**Exercise objective**
From the entries below, write out exactly the lines between the line holding "Illinois Fighting Illini" and the line holding "KZ Vader 3 Dynamic", inclusive, excluding any pictures.

**Given records**
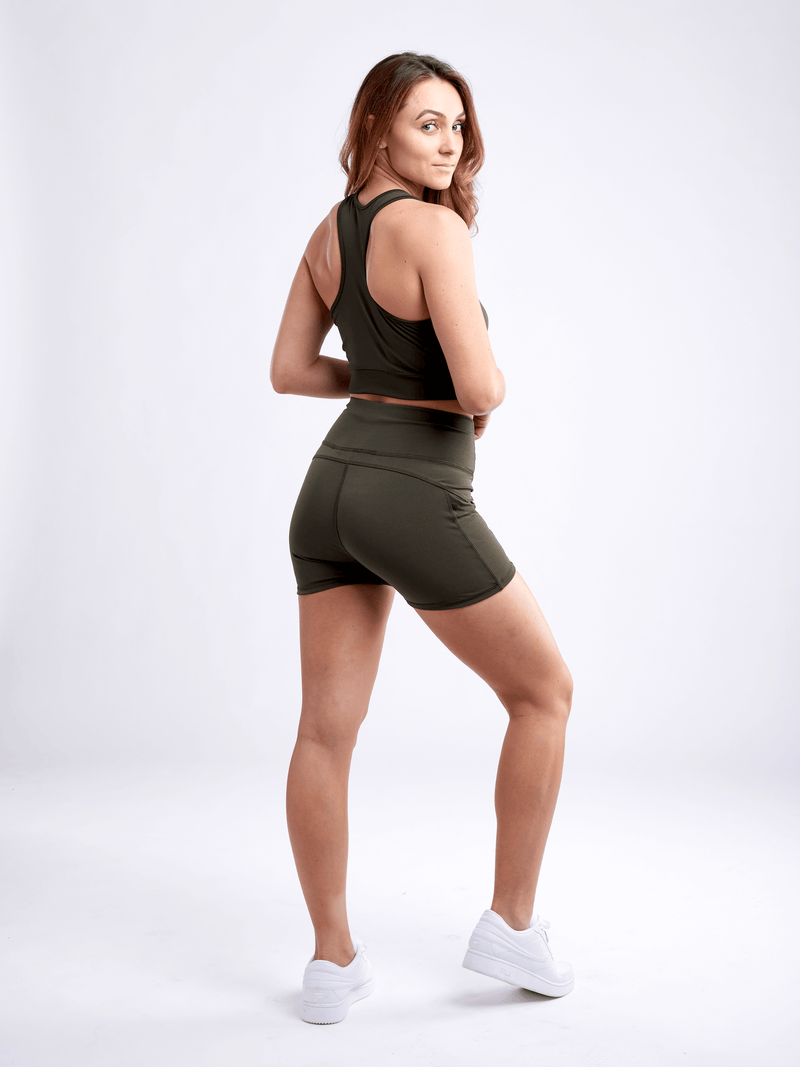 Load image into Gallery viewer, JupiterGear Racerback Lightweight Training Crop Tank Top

...

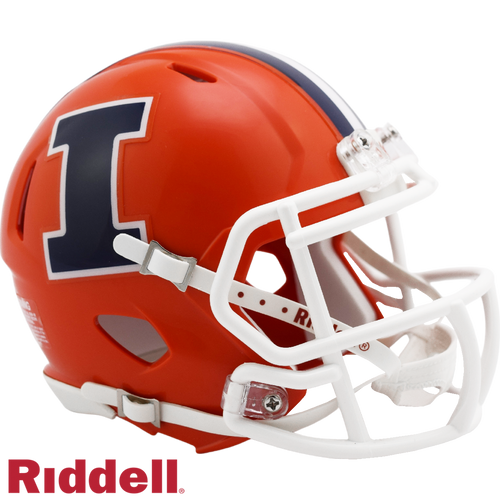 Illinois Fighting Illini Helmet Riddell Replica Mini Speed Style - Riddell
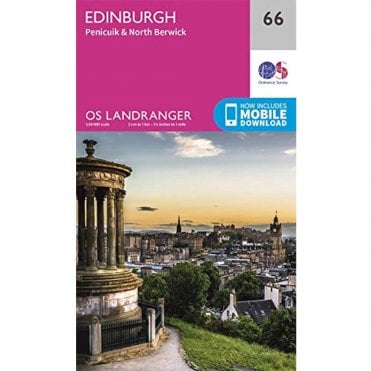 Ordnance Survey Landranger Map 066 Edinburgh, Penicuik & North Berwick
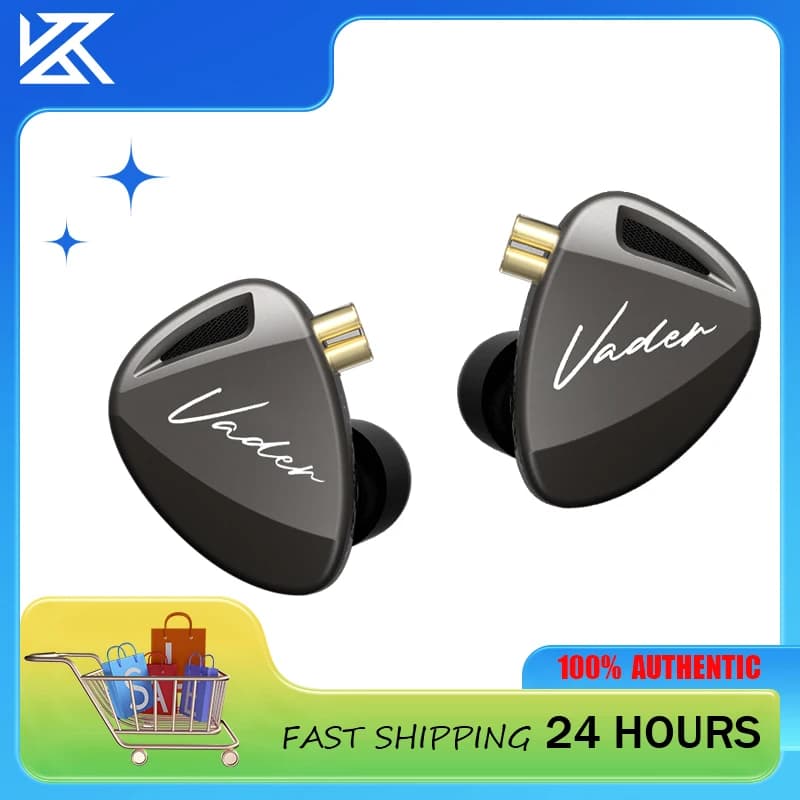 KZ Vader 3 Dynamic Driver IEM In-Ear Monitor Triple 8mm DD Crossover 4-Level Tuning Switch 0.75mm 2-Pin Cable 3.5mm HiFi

**Output**
 Illinois Fighting Illini Helmet Riddell Replica Mini Speed Style - Riddell
 Ordnance Survey Landranger Map 066 Edinburgh, Penicuik & North Berwick
 KZ Vader 3 Dynamic Driver IEM In-Ear Monitor Triple 8mm DD Crossover 4-Level Tuning Switch 0.75mm 2-Pin Cable 3.5mm HiFi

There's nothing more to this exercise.